-Hannah Mead, MCPP intern, 2008
Channel 4 WDIV Detroit reports on a new bumper sticker campaign prompting people to “Buy American Products: They’re Better and Safer.”

1. If American products were, in fact, better, we consumers would purchase them. As it turns out, however, foreign cars (at least in my experience) are markedly more reliable. Maybe American companies should focus on making not-crappy cars instead of trying to guilt people into buying subpar vehicles.
2. Toyota employs over 35,000 Americans (2007 figure), and this number is growing rapidly. Furthermore, MSNBC/ForbesAutos report that some “foreign” cars have more parts manufactured in the U.S. than “American” cars. It just goes to show that this is a global economy. It wouldn’t make any sense for Washingtonians to boycott Idaho potatoes, and it doesn’t make sense for Americans to boycott foreign goods. Consumers buy the best and cheapest products, regardless of origin, and producers make what they’re best at making, regardless of their products’destinations; international economic cooperation is a good thing. And yes, my dad’s job was outsourced.

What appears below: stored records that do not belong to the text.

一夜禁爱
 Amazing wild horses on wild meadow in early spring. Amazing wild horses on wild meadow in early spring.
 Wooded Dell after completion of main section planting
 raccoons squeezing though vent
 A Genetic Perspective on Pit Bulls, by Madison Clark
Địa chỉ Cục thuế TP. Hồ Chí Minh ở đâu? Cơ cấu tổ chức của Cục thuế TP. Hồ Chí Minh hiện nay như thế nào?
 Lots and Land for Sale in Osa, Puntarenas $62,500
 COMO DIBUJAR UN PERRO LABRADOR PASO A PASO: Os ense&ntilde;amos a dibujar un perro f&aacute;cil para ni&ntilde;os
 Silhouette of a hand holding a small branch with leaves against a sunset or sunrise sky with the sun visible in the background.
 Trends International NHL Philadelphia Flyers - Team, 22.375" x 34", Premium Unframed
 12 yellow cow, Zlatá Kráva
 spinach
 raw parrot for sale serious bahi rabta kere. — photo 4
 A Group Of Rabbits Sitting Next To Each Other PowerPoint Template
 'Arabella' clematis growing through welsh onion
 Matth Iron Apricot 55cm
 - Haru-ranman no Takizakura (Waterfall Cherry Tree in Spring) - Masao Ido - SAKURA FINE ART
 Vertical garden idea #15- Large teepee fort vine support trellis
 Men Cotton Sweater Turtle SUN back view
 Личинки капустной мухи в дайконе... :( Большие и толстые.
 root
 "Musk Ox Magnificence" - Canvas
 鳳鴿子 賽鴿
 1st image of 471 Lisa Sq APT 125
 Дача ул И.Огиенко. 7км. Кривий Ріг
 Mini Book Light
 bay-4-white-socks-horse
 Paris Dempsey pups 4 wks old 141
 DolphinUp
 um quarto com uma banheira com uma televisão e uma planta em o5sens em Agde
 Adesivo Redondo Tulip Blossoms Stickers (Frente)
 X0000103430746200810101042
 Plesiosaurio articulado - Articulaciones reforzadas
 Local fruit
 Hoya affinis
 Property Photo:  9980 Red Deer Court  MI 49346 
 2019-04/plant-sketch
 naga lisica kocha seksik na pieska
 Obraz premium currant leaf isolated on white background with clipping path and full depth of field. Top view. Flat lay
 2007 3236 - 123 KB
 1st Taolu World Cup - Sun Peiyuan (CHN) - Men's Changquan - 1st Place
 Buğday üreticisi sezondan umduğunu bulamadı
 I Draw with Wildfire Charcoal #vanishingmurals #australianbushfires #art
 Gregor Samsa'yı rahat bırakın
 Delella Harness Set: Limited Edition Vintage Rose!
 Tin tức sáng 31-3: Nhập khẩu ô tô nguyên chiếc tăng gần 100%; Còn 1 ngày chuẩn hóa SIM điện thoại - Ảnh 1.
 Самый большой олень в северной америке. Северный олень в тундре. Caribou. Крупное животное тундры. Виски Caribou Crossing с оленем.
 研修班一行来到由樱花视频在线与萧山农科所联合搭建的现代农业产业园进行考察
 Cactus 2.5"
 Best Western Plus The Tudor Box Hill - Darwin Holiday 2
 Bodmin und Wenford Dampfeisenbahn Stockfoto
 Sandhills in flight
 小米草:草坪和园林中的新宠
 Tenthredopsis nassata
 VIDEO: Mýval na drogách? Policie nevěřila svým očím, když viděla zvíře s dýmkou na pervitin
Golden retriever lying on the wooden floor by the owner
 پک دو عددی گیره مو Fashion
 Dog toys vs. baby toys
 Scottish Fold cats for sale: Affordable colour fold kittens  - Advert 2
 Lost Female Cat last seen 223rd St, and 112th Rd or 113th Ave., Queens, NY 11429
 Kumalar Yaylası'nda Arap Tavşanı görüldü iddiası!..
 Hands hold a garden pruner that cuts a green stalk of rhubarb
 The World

3. Trade sanctions are a favorite foreign policy tool we use to “punish” other nations. (We won’t get into the fact that this alleged middle ground between words and war has the effectiveness of the former and the destructiveness of the latter: Sanctions strengthen dictators’grips on their people and primarily harm the innocents and the poor in the target nation.) It doesn’t make any sense to voluntarily sanction ourselves from global trade, either in one industry or across-the-board.